## What this task involves:
The first line of the entries and each line after it, through the one that contains "Dakota Grey Metallic", are to be duplicated exactly; no picture belongs in the copy.

────────────────────────────────────────

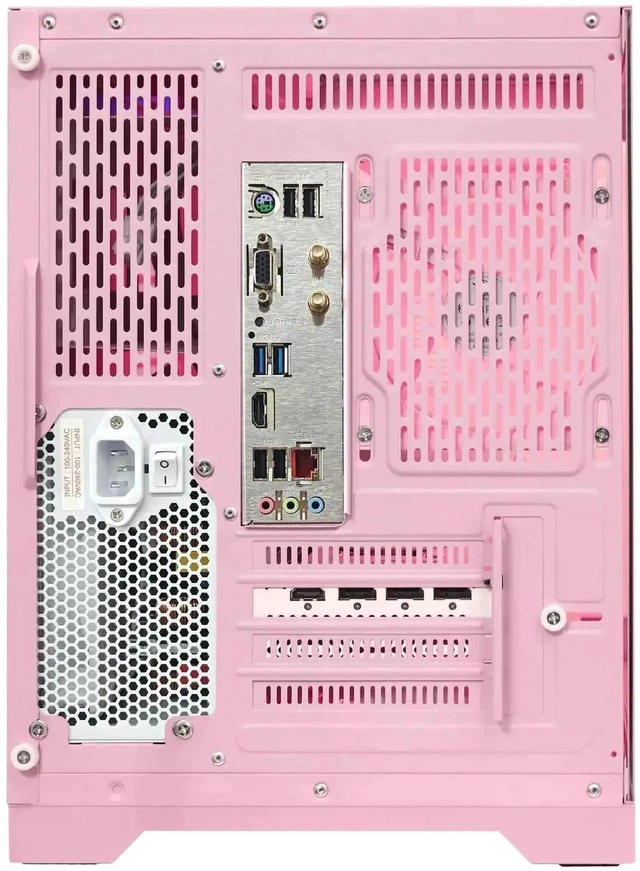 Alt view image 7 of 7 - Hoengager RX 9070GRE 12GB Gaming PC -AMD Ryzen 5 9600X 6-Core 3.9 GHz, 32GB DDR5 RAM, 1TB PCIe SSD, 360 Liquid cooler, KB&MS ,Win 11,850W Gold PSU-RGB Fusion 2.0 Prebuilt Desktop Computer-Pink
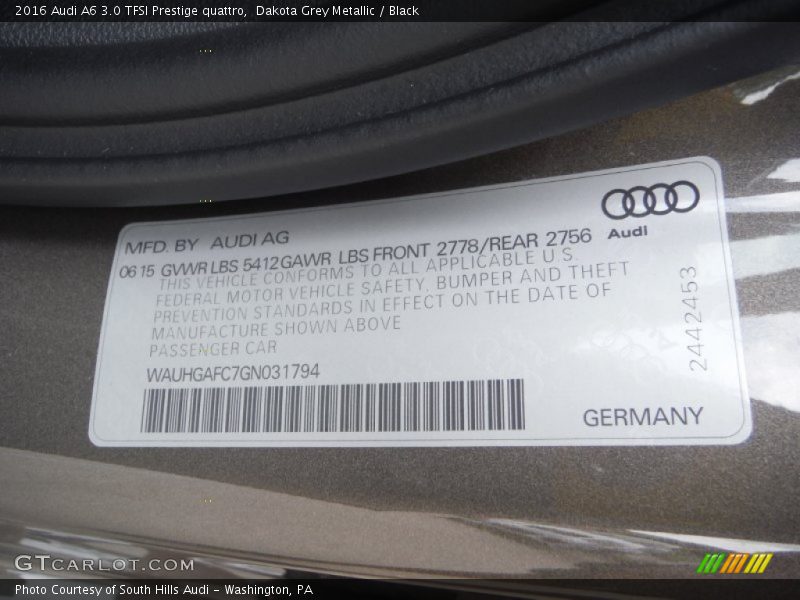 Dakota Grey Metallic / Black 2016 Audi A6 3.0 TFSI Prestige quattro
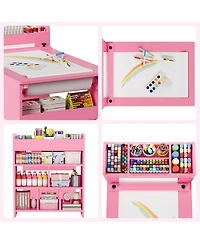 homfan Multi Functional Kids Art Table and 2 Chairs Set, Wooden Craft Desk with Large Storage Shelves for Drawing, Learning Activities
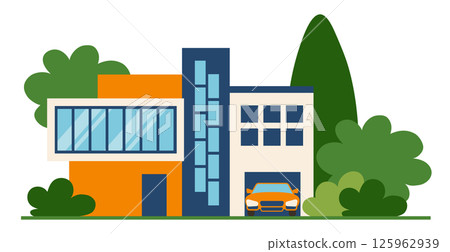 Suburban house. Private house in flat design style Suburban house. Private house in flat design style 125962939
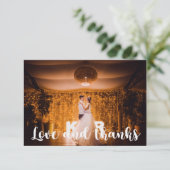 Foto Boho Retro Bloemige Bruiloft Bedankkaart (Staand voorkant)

────────────────────────────────────────

## Response:
 Alt view image 7 of 7 - Hoengager RX 9070GRE 12GB Gaming PC -AMD Ryzen 5 9600X 6-Core 3.9 GHz, 32GB DDR5 RAM, 1TB PCIe SSD, 360 Liquid cooler, KB&MS ,Win 11,850W Gold PSU-RGB Fusion 2.0 Prebuilt Desktop Computer-Pink
 Dakota Grey Metallic / Black 2016 Audi A6 3.0 TFSI Prestige quattro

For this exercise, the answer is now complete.